Our progress will be faster and more predictable if we avoid putting defects into the software. In Agile methods, the primary approach to defect prevention is comprehensive programmer and customer testing. How do those things play in an environment of long hours?

Practices Slide Under Pressure

A common effect of putting teams under pressure is that they will reduce their concentration on quality and focus instead on “just banging out code”. They’ll hunker down, stop helping each other so much, reduce testing, reduce refactoring, and generally revert to just coding. The impact of this is completely predictable: defect injection goes way up, code quality goes way down, progress measured in terms of net working features drops substantially.

A recent Circadian study addressed productivity in white collar workers. They found that even as little as a ten percent increase in work hours could result in a 2.4 percent drop in productivity, while sixty hour weeks could result in a 25 percent drop in productivity.

None of these studies have combined just the right ingredients to tell us with accuracy what will happen if we drive our people too hard, or where the line is.

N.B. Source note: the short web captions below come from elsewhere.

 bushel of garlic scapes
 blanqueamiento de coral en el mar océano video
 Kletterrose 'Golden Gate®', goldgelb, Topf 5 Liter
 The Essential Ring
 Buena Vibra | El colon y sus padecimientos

We can be certain, however, that code quality will go down, and defects will go up, and that the effects will be felt at pressures and hours well below 12 hours days or sixty hour weeks.

What Can We Do?

Combine high pressure with long working hours and the result is inevitable. Real productivity declines, defects go up. Unfortunately, we have no real way to measure defect injection until after the fact. The less capable our testing is, the less we know about defects. Pressure and long hours break our instruments just when we need them most.

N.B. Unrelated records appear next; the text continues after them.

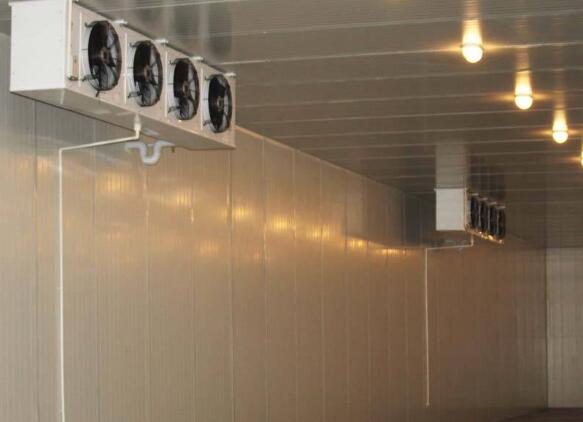 ���(k��)�Ď�(k��)��׃���{(di��o)��(ji��)��θ�������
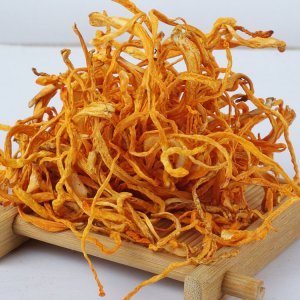 長條蛹蟲草貼牌定制代加工
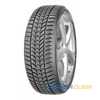 Купить Зимняя шина DEBICA FRIGO HP2 215/50R17 95V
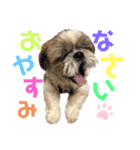 ぶる2（個別スタンプ：1）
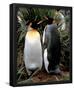 King Penguins (Couple Standing) Art Poster Print-null-Framed Poster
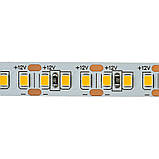 Світлодіодна стрічка тепла біла 12 V AVT smd2835 168LED/м IP20, фото 4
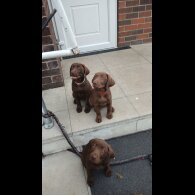 Labrador Retriever - Both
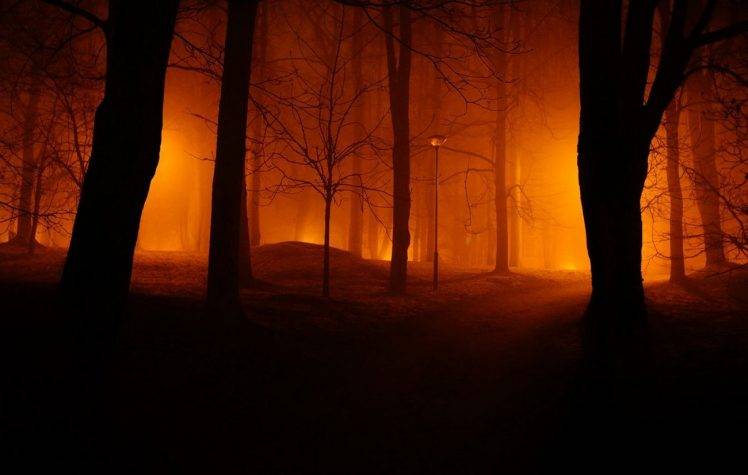photography, Landscape, Nature, Mist, Park, Trees, Path, Lights, Night, Estonia HD Wallpaper Desktop Background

Now I would be inclined to the notion that management and customer should put on only a tiny bit of pressure, enough to keep everyone energized and aware that there’s a need to perform. I believe that a single threat, even if “intended” in a humorous way, will slow things down for at least a day. So hold back on the “heads will roll if we don’t get things done” comments, even if you say them with a grin. I really don’t think they help.

But you’re not me, and you might feel differently. Is there some way to “measure” whether pressure is too high, hours too long? Frankly, I’m not sure, but here are some ideas.

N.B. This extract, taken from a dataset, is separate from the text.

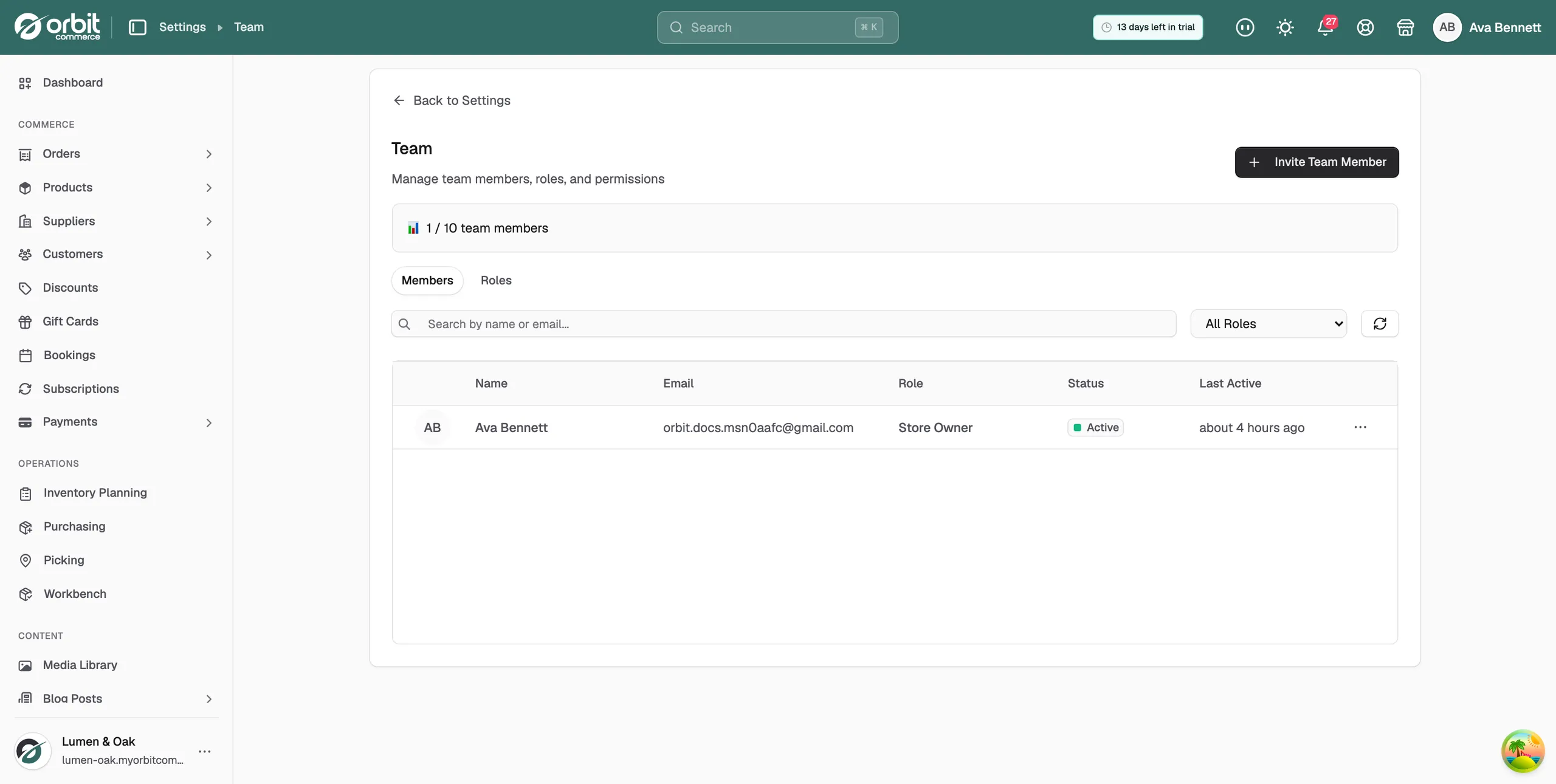 The Team page, showing the team member count, the Members and Roles tabs and the Invite Team Member button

Let’s imagine that for a while, we have done the things we know we should: we have comprehensive unit tests, we have customer tests for every feature, we have a continuous build process that tells us when the build is broken, and so on. Then here are some indicators that things may be going wrong:

Is the ratio of test lines to code lines going down?
Is the ratio of customer tests to features going down?
Is time spent fixing bugs going up?
Are people pairing less often?
Are integrations taking longer?
Is the build broken light coming on more often and staying on longer?
Are cosmetic tasks in the code being skipped?
Is the refactoring board filling up with red cards?
Is the team room messier than it used to be?
Are there more food containers in the waste cans?
Are people asking more questions about what is going on in the standup meeting?
Have you stopped even having a standup meeting?
Are there more arguments, more people who are angry with each other?

Almost all of these things could be charted on simple, informal “Big Visible Charts”. Most of them are pretty harmless to track, but could be good indicators of things going wrong.

What additional ideas can you come up with to tell you when the pressure and hours are too high? Pass them along, and I’ll update this article. Meanwhile, don’t work too hard. It won’t pay off.